In theory, theory and practice should be the same. In practice, however ...

As is no surprise, when I get interested in something, I like to understand both the theory and the practice. By temperament, as it turns out, I'm much more of an engineer than a theoretician, so it typically turns out that I spend much more of my time understanding the practice than the theory, but I do make my efforts to comprehend the theory behind what I'm doing, whether that be concurrent programming, database storage systems, compilers, networking protocols, distributed object systems, etc. (those being some of my major interests over three decades of computing).

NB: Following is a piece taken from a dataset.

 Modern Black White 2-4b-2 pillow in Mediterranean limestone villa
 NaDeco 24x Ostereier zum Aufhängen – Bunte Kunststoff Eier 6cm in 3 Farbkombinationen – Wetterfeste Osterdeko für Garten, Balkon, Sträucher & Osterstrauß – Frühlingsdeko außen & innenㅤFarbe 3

Anyway, my current interests are in the area of version management, so I find myself once again looking for information on both the practice and the theory of versioning.

So I've been spending a lot of time recently catching up with a fascinating project being conducted by Microsoft Research: Concurrent Revisions.

The Revisions project introduces a novel programming model for concurrent, parallel, and distributed applications.

At first, it might not be obvious why this is relevant to version management software, but the research team explain:

To simplify this problem, we introduce a novel programming construct called “revisions”, which is inspired by revision control systems commonly used by development teams. Revisions are forked and joined much like asynchronous tasks. However, rather than accessing global shared data directly (and thereby risking data races or atomicity violations), all revisions execute on a (conceptual) copy of the shared state, a "global mutable snapshot" so to speak. Any changes performed in a revision apply to that snapshot only, until the revision is joined at which the changes become globally effective.

This is, actually, a fairly radical idea, as they explain in their foundational 2010 paper presented at the OOPSLA conference: Concurrent Programming with Revisions and Isolation Types

Note that our use of revision diagrams to reason about program executions is a marked departure from traditional concurrency models such as sequentially consistent memory or serializable transactions, which reason about concurrent executions by considering a set of corresponding totally ordered sequential histories. These traditional models make the fundamental assumption that programmers must think sequentially, and that all concurrency must thus be ‘linearized’ by some arbitration mechanism. However, such arbitration invariably introduces nondeterminism, which may easily present a much larger problem for programmers than direct reasoning about concurrent executions.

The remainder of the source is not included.